There are lessons to be absorbed on both sides of the “us”
and “them” identity conversations. For those believing they are part of the “us”
conversation, the more we cling to those identities with
white-knuckle steering,
the easier it will be for others to unintentionally or intentionally offend or
insult us or for us to fear and hate others. Allowing others – even the perceived
“them’s” – to produce a response from you of any kind is giving up your power
to another.

We all can choose how we respond to others. When someone attacks
your national flag, your religious icon, your ethnicity, etc., remember that
when someone speaks, it says more about them than it does anything or anyone
else. Don’t allow another to pull you off your balance by their insults to an
identity you claim.

On the other side, for those who see fault with another
identity, whether it’s a race, nationality, religion, gender or other, don’t
attack or insult a symbol of that identity, whether it be a flag, a book, a
look or other inherent association with that identity. If you have a legitimate
complaint or criticism, it will never be heard through the insult they feel
from your attacking the symbol of their identity.

Attacking these symbols of
identities feels like a personal attack to those claiming that identity.

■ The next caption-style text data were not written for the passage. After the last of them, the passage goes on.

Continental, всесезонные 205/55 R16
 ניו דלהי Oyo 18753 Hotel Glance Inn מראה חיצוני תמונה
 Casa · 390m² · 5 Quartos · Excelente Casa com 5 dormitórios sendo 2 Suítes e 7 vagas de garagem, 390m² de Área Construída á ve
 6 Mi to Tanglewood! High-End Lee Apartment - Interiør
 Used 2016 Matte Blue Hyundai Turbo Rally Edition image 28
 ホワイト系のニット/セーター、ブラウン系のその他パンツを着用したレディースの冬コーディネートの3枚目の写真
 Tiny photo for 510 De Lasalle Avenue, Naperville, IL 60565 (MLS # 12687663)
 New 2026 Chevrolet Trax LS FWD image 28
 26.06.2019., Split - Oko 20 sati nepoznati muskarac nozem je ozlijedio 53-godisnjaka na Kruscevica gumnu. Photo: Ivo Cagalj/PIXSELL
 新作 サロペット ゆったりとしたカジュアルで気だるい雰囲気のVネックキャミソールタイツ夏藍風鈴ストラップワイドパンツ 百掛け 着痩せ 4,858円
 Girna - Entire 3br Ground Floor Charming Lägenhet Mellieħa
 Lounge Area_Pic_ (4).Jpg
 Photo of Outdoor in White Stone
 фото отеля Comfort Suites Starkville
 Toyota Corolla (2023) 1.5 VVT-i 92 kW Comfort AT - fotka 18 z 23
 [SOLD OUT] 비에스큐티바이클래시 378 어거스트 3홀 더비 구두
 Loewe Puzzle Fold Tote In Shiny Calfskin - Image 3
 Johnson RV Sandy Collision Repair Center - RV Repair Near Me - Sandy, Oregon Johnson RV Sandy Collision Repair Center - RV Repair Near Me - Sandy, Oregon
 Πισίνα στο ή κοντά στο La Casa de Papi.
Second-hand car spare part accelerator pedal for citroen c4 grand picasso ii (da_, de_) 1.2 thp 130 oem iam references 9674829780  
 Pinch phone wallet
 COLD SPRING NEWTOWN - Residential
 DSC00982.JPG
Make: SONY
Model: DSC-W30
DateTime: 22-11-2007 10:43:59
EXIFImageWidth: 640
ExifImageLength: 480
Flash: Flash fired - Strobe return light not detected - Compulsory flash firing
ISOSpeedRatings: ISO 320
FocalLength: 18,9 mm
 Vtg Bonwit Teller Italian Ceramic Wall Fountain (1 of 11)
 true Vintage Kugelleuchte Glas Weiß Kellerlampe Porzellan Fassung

They
will react with equal fervor against you and even your message because of it.
If you communicate a legitimate concern with reason, respect and without invoking
your own “them” mentality, chances are you will find many who claim that
identity will agree more with you than they disagree. Don’t make concerns personal
by attacking identity icons and symbols.

We must learn to have respectful conversations regarding
diverse identities and backgrounds, affiliations and experiences. In the end,
we should keep in mind that we are all part of the same
community, and these
religious, ethnic, gender, national and other identities we claim are all
outward identities that have nothing to do with our spirit, soul or inner
essence as beings. These outward identities that we may think define our status
as humans in this life are not nearly as important as our inner selves, which
is who we

really are as individual beings. Who we truly are has nothing to do
with race, gender, ethnicity, nationality, geographic region, religion or other
external characterization. Who we are is far deeper than these outward identities
or what anyone else says we are. Who we truly are is who we are in our hearts –
that’s our real connection to one another. What is in your heart is who you really
are at any given moment. Where is your heart?